Tuesday, March 26, 2019

Mining the Meta Data in your iTunes Library

If you (or your students) use iTunes to keep track of your music then it turns out they have a rich source of data that might be interesting for your students to analyze. I find that if students use their own data they are more interested in looking at that data for analysis. In this case, every song on iTunes (and really, any platform) has a pile of meta data associated with it. In that meta data are things like song name, artist name, album name but also there are numerical values like song length, file size, number of plays etc. So you could have your students get the data from their own library and do the analysis of it.

Getting the data from iTunes is pretty easy. Once in iTunes, if they want to get the info from all their music then just click on Songs or if they want to get their data from a favourite playlist then they can click on that. Then click on File, then Library, then Export Playlist. It will then send a .TXT file to the folder of your choice. That .txt file will need a bit of cleaning up, but not much. I suggest importing it into Excel or Google Sheets to clean it up. If you are doing the work in that spreadsheet (or uploading to Desmos) then you're all set. If you plan on importing it into CODAP then save the data as a .CSV file (note that I noticed that even though you should be able to import a .TXT file into CODAP, the format of this one doesn't seem to work, so you have to convert it to a . CSV).

Analysis

Though the data itself is not wildly interesting, you can certainly use it to cover topics like mean, median, standard deviation, and other single variable measures. And maybe have students compare values from their playlists to other students. Note, that the time of the songs are in seconds. So if a histogram is created, it is probably appropriate to have bin widths of 30s or 60s (let students figure this out).

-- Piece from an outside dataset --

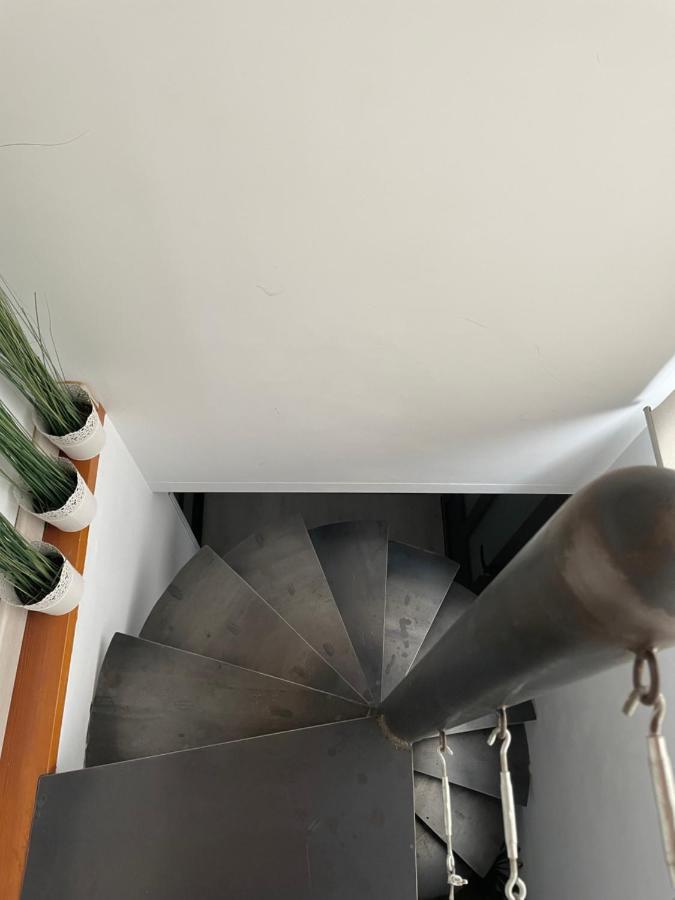 Habitaciones Con Encanto Ivanrey Ngoại thất bức ảnh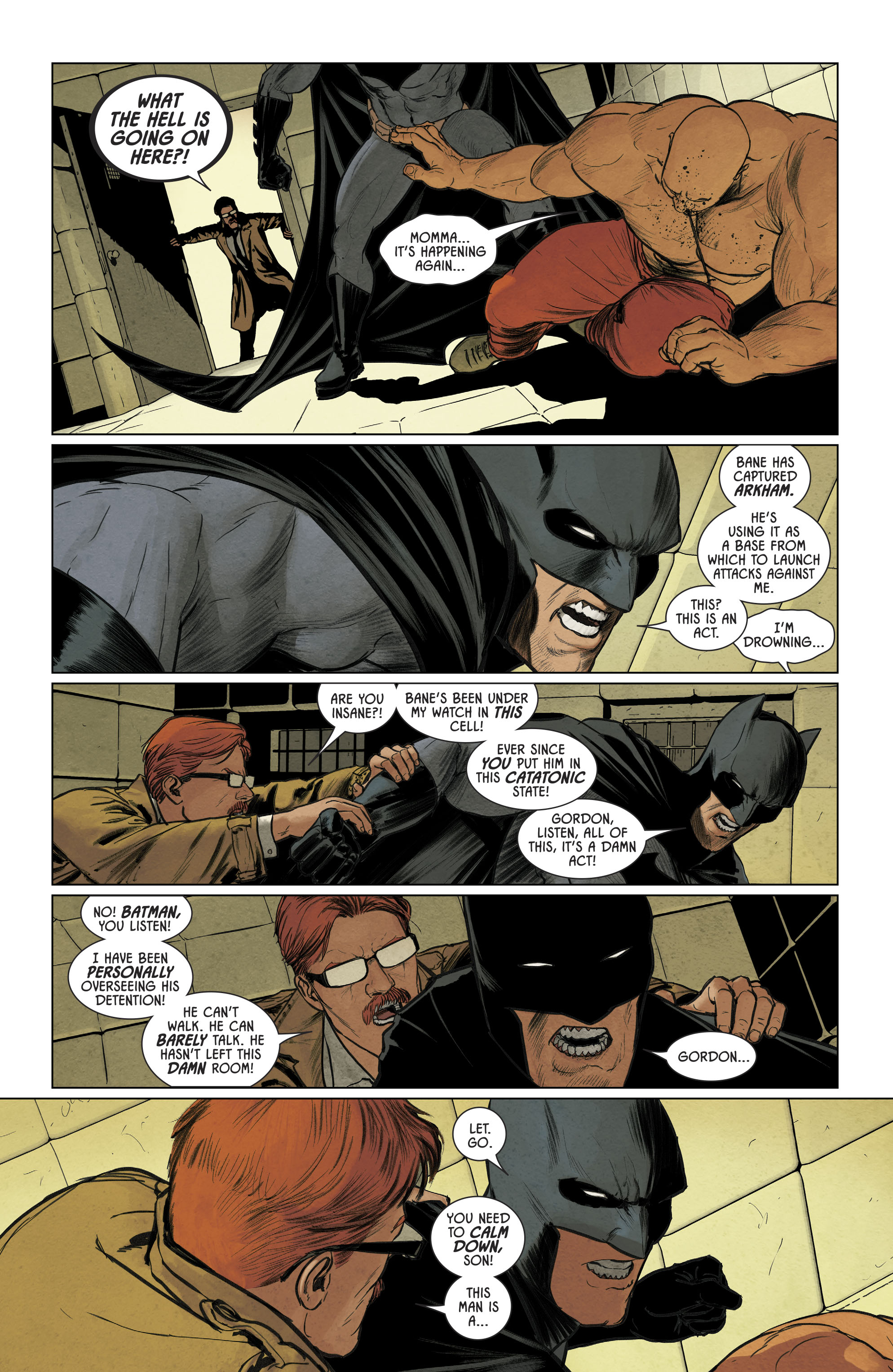 Batman (2016-): Chapter 59 - Page 17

One thing that I think is interesting is that you would expect a very strong (if not perfect) relationship between the time of a song and it's file size. But as you can see there seems to be different relationships. This is due to the bit rate of the file compression. So you might be able to have a conversation about what bit rate is and how it relates to the compression of the file. The lower the bit rate the smaller the file size (for songs of the same length). So you could talk about why you would want a lower or higher bit rate (hint: lower bit rate means poorer quality of the sound but smaller file size, so there is a trade off). In CODAP you can create separate graphs of the bit rate data and the scatter plot of the size vs time then high lite parts of the data to show the different relationships. You could actually hide or show data based on the bit rate to do more specific analysis by isolating just the data from one bit rate.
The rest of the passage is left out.